Fracking With Pennsylvania: The Marcellus Shale Debate

The Marcellus Shale controversy may feel worlds away, but it could change everything from our economy to the water we drink. Our man travels through Gasland and brings back tales of boom towns, big business, angry nuns, Hollywood stars and the fight that’s going to transform our state forever

It may not be screaming, exactly, but City Council, led by Reynolds Brown and Curtis Jones, has done the political equivalent of loud throat-clearing in a roomful of people sniggering at a private joke.

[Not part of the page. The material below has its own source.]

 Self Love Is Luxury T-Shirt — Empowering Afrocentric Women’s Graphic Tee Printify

While state officials have controlled the spread of the gas gold rush with a technique that one scientist describes as “Ready, fire, aim,” Philadelphia’s legislators, not normally renowned for their collective prudence, have advocated a drilling moratorium for further study of the possible environmental effects of hydrofracking before allowing drilling anywhere near the Delaware. Only problem is, they have virtually no power in the process.

As the clock ticked toward the DRBC decision, things were getting weird and sometimes nasty in my part of Gasland. The time-out imposed by the commission had tamped down the drilling wildfire but inflamed passions. Marian Schweighofer reported that she’d received some not-so-veiled death threats. Josh Fox didn’t win the Oscar for Gasland, and the filmmaker received a stinging review from an unlikely critic: Pennsylvania’s top oil and gas geologist in the Department of Conservation and Natural Resources, who compared the movie to Nazi propaganda and said Fox would have made Joseph Goebbels proud. Fox, whose father’s family includes a number of Holocaust survivors, called for Governor Corbett to fire the geologist. Around the same time, state police in Wayne County started investigating an arson on the Fox property near Honesdale.

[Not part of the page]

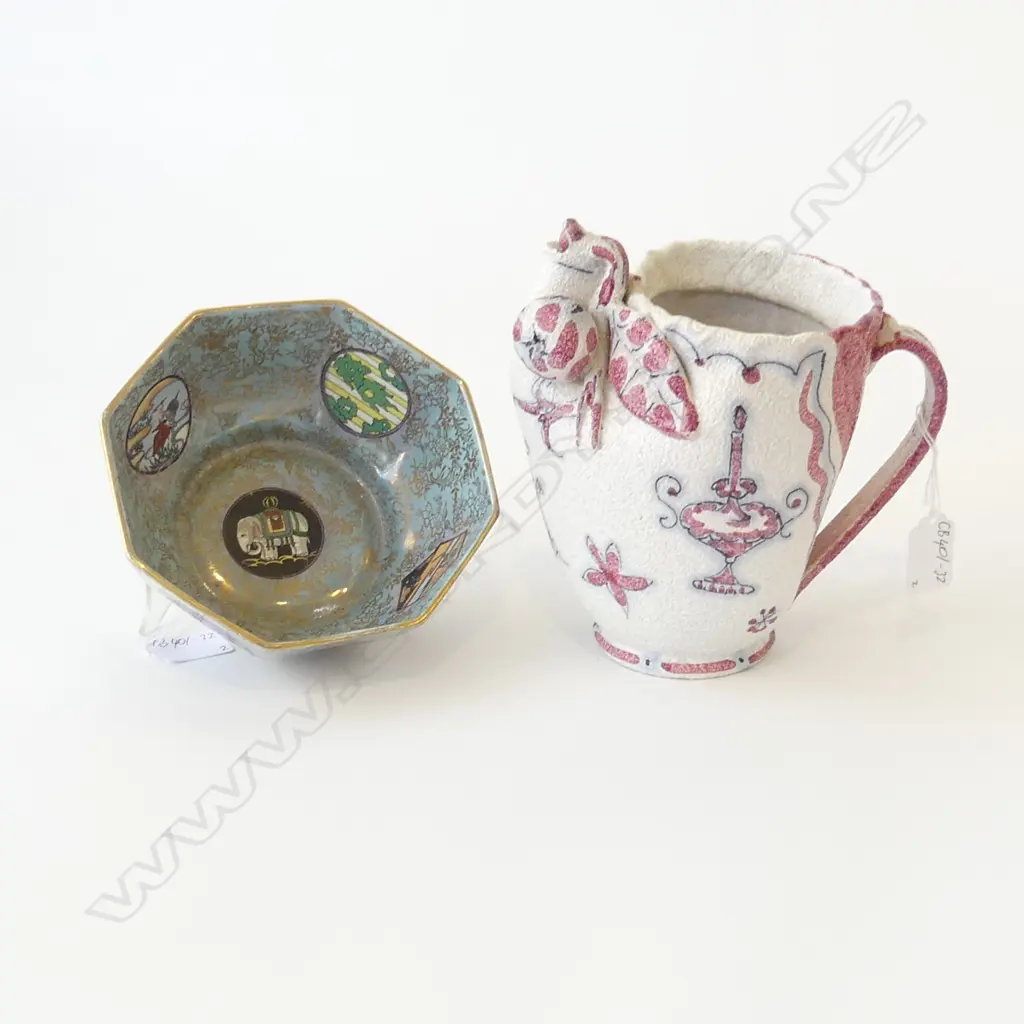 1950S ITALIAN JUG. H.160mm & ENGLISH OCTAGONAL SHAPED BOWL Dia 162mm Image 1++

In my town, the friendly young guy who runs a coffee shop on Main Street lost customers after a false rumor spread that he’d signed a gas company lease. On the other side of town, a homeowner was ordered to take down a sign he’d tacked to his garage. With a flag-draped background, he’d indulged in the tempting wordplay of this boom: “Let’s Get Fracking,” the sign read, “Just Pass the Gas.” It wasn’t the message—the sign was simply too big, said the chairman of the town zoning board, who happens to be an opponent of drilling. In response, the guy who owns several hundred acres of land across the road from me put an identical sign on his house. We don’t discuss it.

One day in early spring, I drove up the road that traces the Delaware River to the town of Callicoon and met Mark Ruffalo for lunch. Ostensibly, we were getting together to discuss a movie he’d directed, but we couldn’t help talking about fracking.

“I really didn’t want to get involved with something that would be so controversial in my community,” he said. “But I just had to do it.” He’s now spent three years studying the issue, and the actor pretty much summed up the conclusion I’d reached in my own travels around Gasland. “You know what,” Ruffalo said, “I might be wrong, and one day I’ll come out and apologize. Gas drilling might be the best thing since sliced bread, like everyone’s saying—like all the gas companies say. But nothing that I’ve seen tells me that’s true.”